Centre de Visa pour la Russie, 3, avenue Alphonse Valkeners, à 1160 Auderghem. Tél. : 02 663 17 40.

Autre option : passer par une agence intermédiaire (payante) qui s’occupe des formalités. REBCE, 82, avenue de Fré, à 1180 Uccle. Tél. : 02 375 76 87. www.visarussia.be

Y ALLER

Pas de vols directs au départ de Bruxelles. Trois vols quotidiens Air France de Paris CDG, vols Aeroflot 1x/j de Bruxelles via Moscou.

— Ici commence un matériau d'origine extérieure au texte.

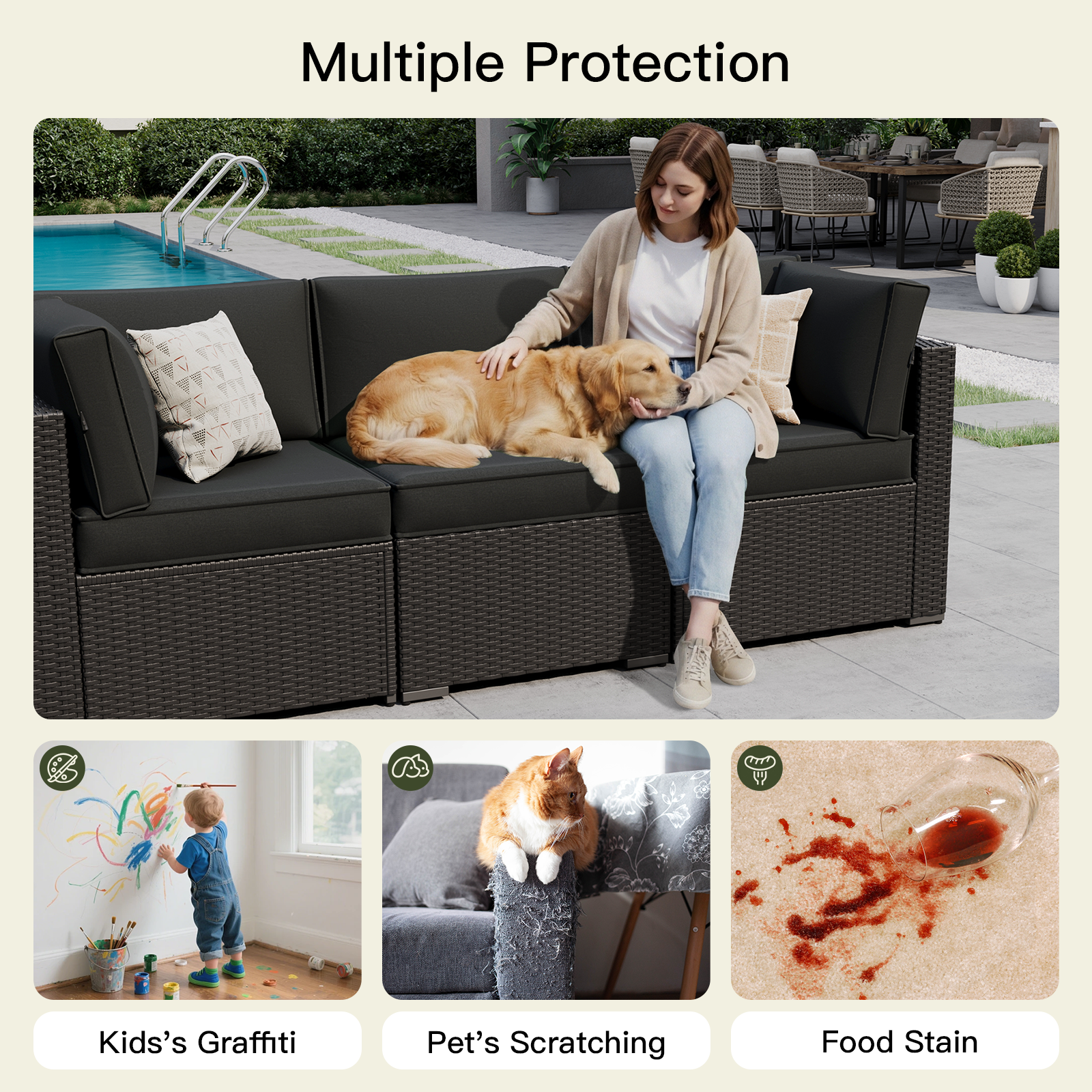 Breezestival Patio Furniture Replacement Cushions for Outdoor Furniture Set of 4, Thick Patio Sofa Cushions for Outdoor Furniture, 9-Piece Splashproof Fade Resistant Cushions for Outdoor Couch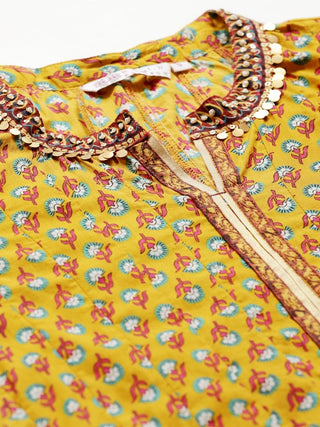 Women Mustard Coloured Kurta with Churidar & Dupatta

Compter 200 à 300 euros A/R selon la saison.

MONNAIE

1 euro = +/- 50 roubles.

DECALAGE HORAIRE

+2 heures en été, +3 heures en hiver.

CLIMAT

Gel et neige en hiver, dégel à Pâques (on patauge), 15 à 30 °C la journée de juin à septembre. Les nuits blanches s’étendent du 25 mai au 15 juillet et culminent le 21 juin.

SE RESTAURER

L’Idiot

Ce café-restaurant a recomposé l’univers de Dostoïevski dans une succession de caves voûtées, au bord du canal de la Moïka. Rayonnages pleins de livres, petits salons avec canapés et vieux fauteuils en cuir, lumière tamisée… On y mange, on y lit, on y joue aux cartes, on y refait le monde en buvant des shots de vodka. Très couru par les expats. Cuisine russe et internationale, plats végétariens.

www.idiot-spb.com

SE LOGER

Il existe un hôtel Dostoïevski qui n’offre pas grand intérêt, sinon qu’il est proche de l’appartement-musée. Préférez-lui le boutique-hôtel Rachmaninov, un charmant établissement arty qui occupe les deux étages d’un appartement ayant appartenu à la tante du compositeur. Exposition permanente d’artistes russes et internationaux, situation idéale, à deux pas du Triangle d’or.